Taking their cue from the 73-year old algorithm British code-breaker Alan Turing used to decode secret German messages during World War II, two neuroscientists turned to cryptography in their attempt to decipher the neural code.  What they were doing might be seen as seeking the Holy Grail of current neuroscience: Figuring out how our three-pound brains are truly the most sophisticated encryption machines imaginable.  Given that the human brain holds about 86 billion neurons, neurons that extract information from the world and put it into code, these scientists and others are trying to figure out what kind of a code breaker there is in the brain that can make sense of these phenomena.  Joshua Gold, now of the U. of Pennsylvania, began post-doctoral work in Michael Shadlen's monkey lab at the U. of Washington.  Together they published a paper in 2002 suggesting the brain used something like Turing's computations to weigh evidence from neuronal firings and make perceptual decisions.  These neuronal firings are electrical impulses that respond with split-second timing to what the body encounters in the external environment.

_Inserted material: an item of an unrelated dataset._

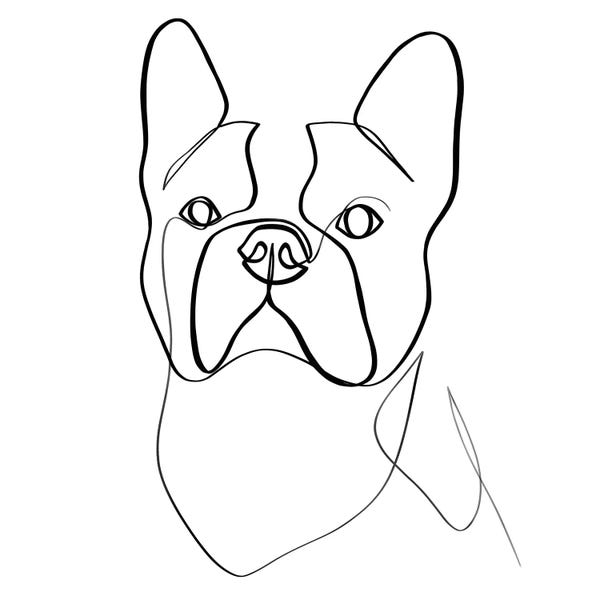 Dane Khy: French Bulldog II by Dane Khy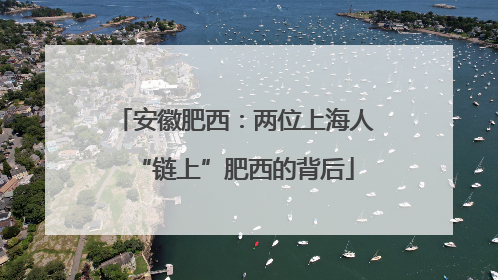 安徽肥西：两位上海人“链上”肥西的背后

According to Gold, Turing's work represented a form of probabilistic reasoning that the brain appears to have adopted to solve particular problems common to both perception and code breaking, such as the tension between speed and accuracy.  Virginia Hughes, "Safecracking the Brain,"  Brain in the News, Nov-Dec 2013.

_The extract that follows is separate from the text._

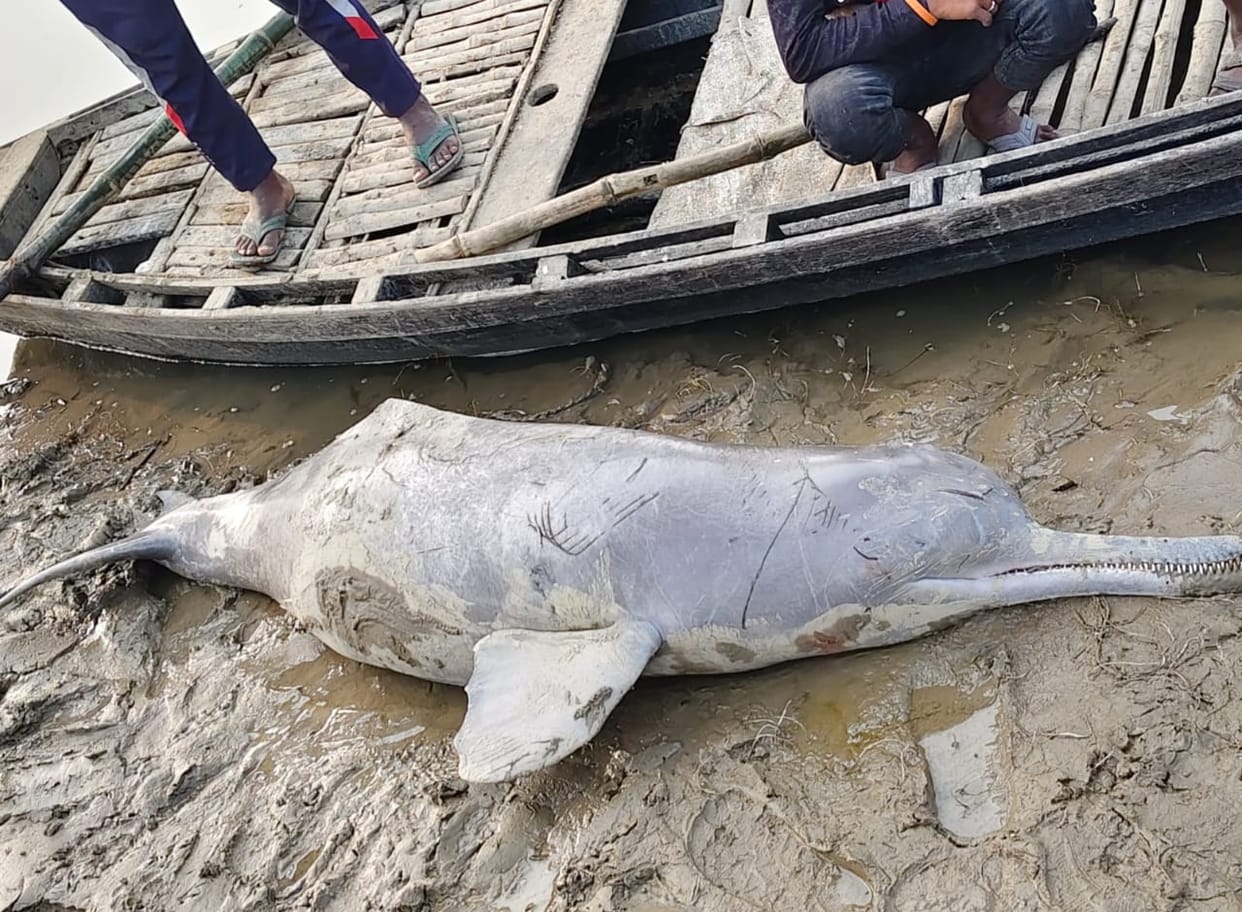 Dolphin found dead in Ganga, forest department team engaged in investigation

“Does the adolescent brain actually exist?”

This rather cutting question is one Sarah-Jayne Blakemore, Prof. of Cognitive Neuroscience, University College London and Royal Society hears all too frequently when people she meets discover her focus is on the adolescent brain.  Originally attracted to the field of psychology as a teenager herself, she started with  research on autism. Later, as a student of Experimental Psychology, she became intrigued by the fact that schizophrenia, predominantly appearing for the first time in early adulthood, is a late-developing developmental disorder. This kindled her interest in neuroscience and led to her focus on the neuropsychology of schizophrenia. Encountering some high-profile papers from America with longitudinal MRI studies showing the human brain undergoes very protracted development right through adolescence and into the 20's, she knew she had found her field of study: rethinking the adolescent brain. Research on the adolescent brain is still in its own adolescence, but it is now clear, that contrary to the common belief most brain development takes place in early childhood, adolescence is a period of life when the brain is continuing to develop. It is possible that adolescence may represent a second sensitive period of development.   Most people in this still young field support the idea that adolescence is not too late for learning, training and intervention.  The new research suggests that developmental neuroplasticity very much continues.  As the 2013 winner of the Royal Society Rosalind Franklin Award, this young scientist hopes her success will serve to encourage more women to choose to specialize in the STEM fields of study (science, technology, engineering and mathematics).  She readily admits female role models played a significant part in her own choice of career paths. Niall Boyce, Brain in the News, Nov-Dec 2013.